Well designed startups are a lot like giant serendipity vehicles. A lot of work goes into designing them so that they are in a position to shoot for the stars as soon as a serendipitous customer connection or technological development breaks their way. As a founder you need to balance the need to stay focused on what you are building with providing yourself as much surface area as possible in order to take advantage of connections with investors, talent, customers, etc.

I can’t tell you what the right balance for that is. You will need to figure that out for yourself. But I can tell you what the wrong balances are.

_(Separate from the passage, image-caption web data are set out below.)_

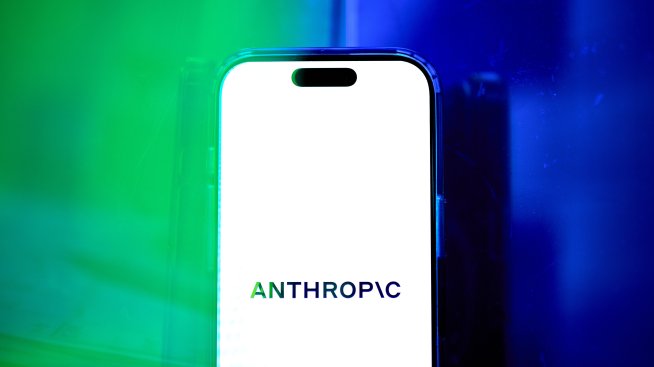 Anthropic води преговори за набиране на 30 млрд. долара при оценка от 900 млрд. долара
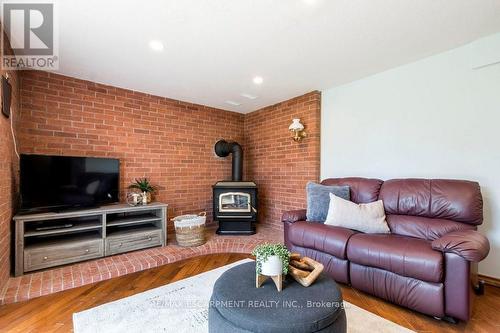 164 Dundas Street E, Hamilton, ON - Indoor Photo Showing Living Room With Fireplace
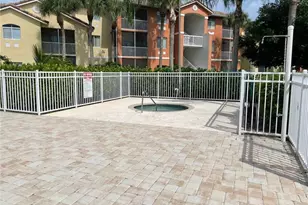 6321 Aragon Way, Fort Myers, FL 33966 - Photo 28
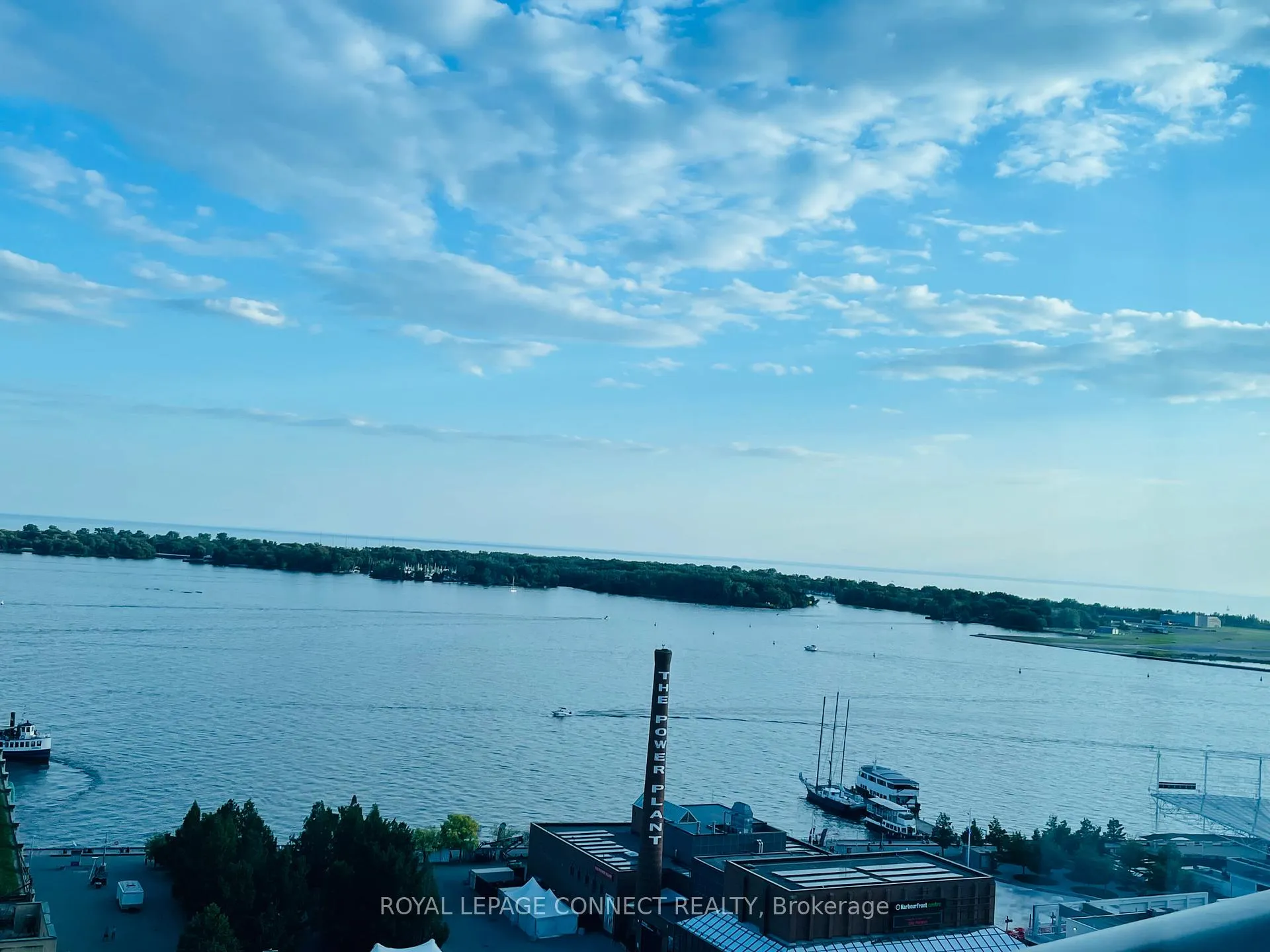Photo 22 of Unit 1906, 208 Queens Quay W, Toronto, Waterfront Communities — HOMEH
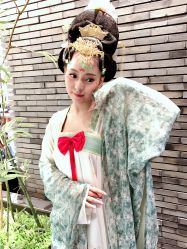 点击看大图 -盘子女人坊古装写真摄影(深圳店)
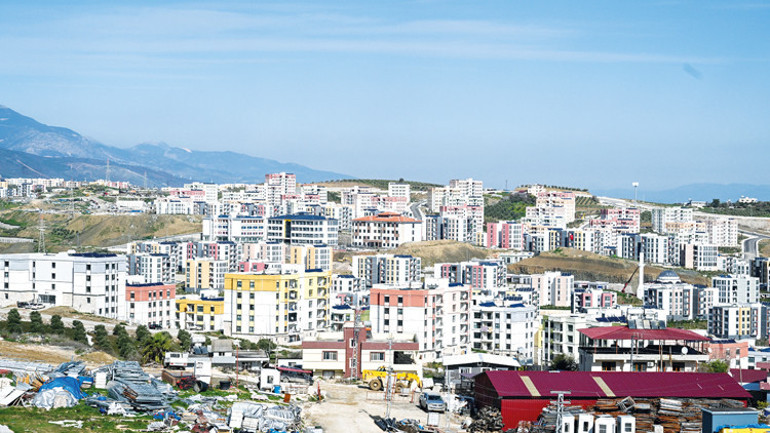 Üç yıl sonra aynı yerde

There are two.

1) Ignoring any thought of the outside world to focus solely on your business.

2) Ignoring your business to focus solely on hoping something happens in the outside world.

Everything in between is fair game.

No matter where you land on the spectrum between focusing your time and energy on building your business and increasing your surface area to optimize for serendipity, there is one lever that you can pull to maximize your chances for success.

Burning responsibly.

Responsibly managing your burn rate as a startup is one of the most important things you do as a founder. Burn too fast and you won’t get enough at bats to have something serendipitous happen for your business, no matter how much you optimize for it.

As an individual and as a business, design your life so that you can take advantage of serendipity when it comes knocking at your door.

That is how you and your company achieve success.